My husband’s parents took him to church regularly throughout his childhood. Mine did not. I did however, go through a stage in my life where I was very interested in the Bible and religion. I wanted to explore my options, so to say. I really wanted it to click within me. It did not. Maybe it’s the scientific side of my personality (which is very strong), or the lack of exposure as a child. I have no answer as to why it never felt right to me. Just as I have no answer as to why it is right for others. Yet I very much respect other’s right to believe what they wish.

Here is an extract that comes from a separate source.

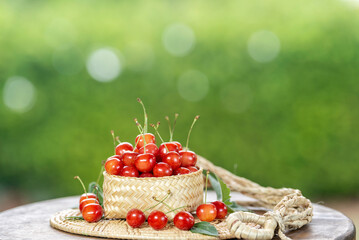 Red Cherry fruit on blurred greenery background.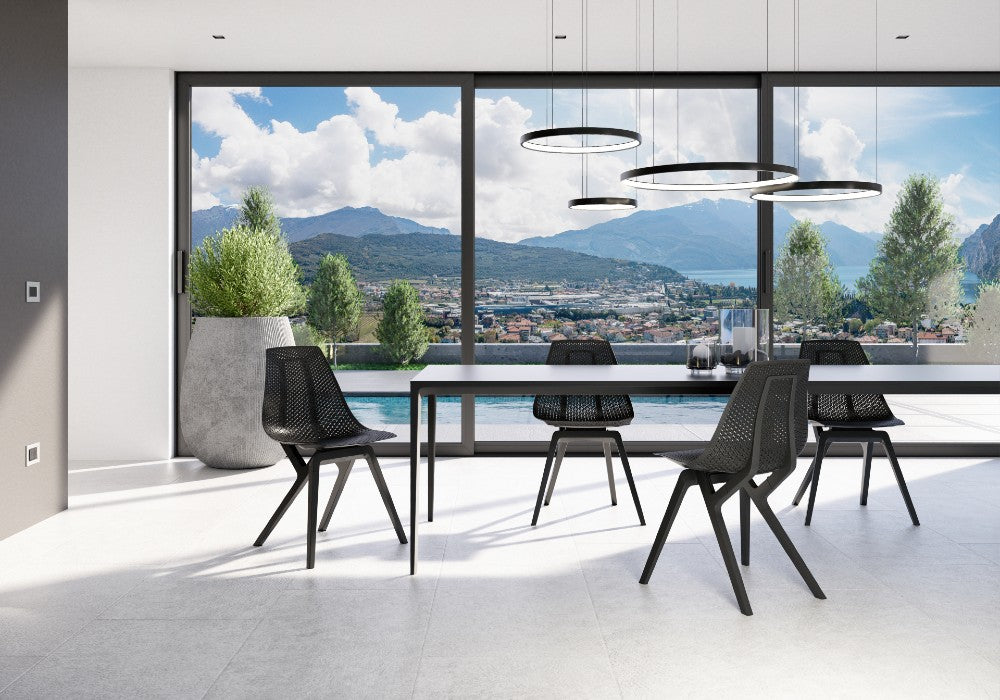Living room with black Noho Move chairs made with ECONYL® regenerated nylon.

I have always felt certain ways about how we, as people, should behave in the world. How we should take time to smell the flowers, be kind to others, appreciate your loved ones every day, live from moment to moment. Now, as I approach 40, my husband and I simultaneously- without really realizing it- stumbled onto Buddhism. We have always known its principles, history, belief system, etc- yet somehow, for some reason, it is very much staring us in the face. Tapping us on the shoulder. We aren’t hanging prayer flags, building an alter, or going to a buddhist temple, but the teachings are really becoming meaningful to us. Us as a family.
So in some random way- or maybe not so random- this path placed itself in front of us! I am excited about this as a parent. Whether you’re Buddhist or not- there are some wonderful teachings that all children can benefit from. Here is an example:
Mindfulness. There are a variety of descriptions, but to simplify it is living moment to moment. Focusing on breathing, allowing thoughts to flow freely without judgement, keeping your body calm. Paying attention to literally each moment. Noticing your surroundings. This is commonly associated with yoga and Buddhist meditation, yet it is a great skill to teach children. Very calming, and assists with accountability and thinking before doing concepts. And personally, I think yoga and meditation are a wonderful option for children as well- again- regardless of your denomination.
Making good choices. Cause and effect. Karma. Whatever you’d like to call it, the simple and truthful concept that the choices you make lead to your actions, which inevitably can and will effect someone. What effect do you want to cause in the world?
Love and Compassion. Be kind. I have found, in sometimes the most unexpected moments, when I have extended kindness to someone, and they were in such need of that extension of love. A scowled, grumpy, pain filled face turned into an outpouring of appreciation or love in return. You never know what someone may be going through- even the road rager. You just cannot judge.
There is a wonderful book, regardless of your religious preference, it is such a beautiful book!
“Buddha At Bedtime: Tales of Love and Wisdom for you to Read With Your Child At Bedtime to Enchant, Enlighten, and Inspire” By Dharmachari Nagaraja.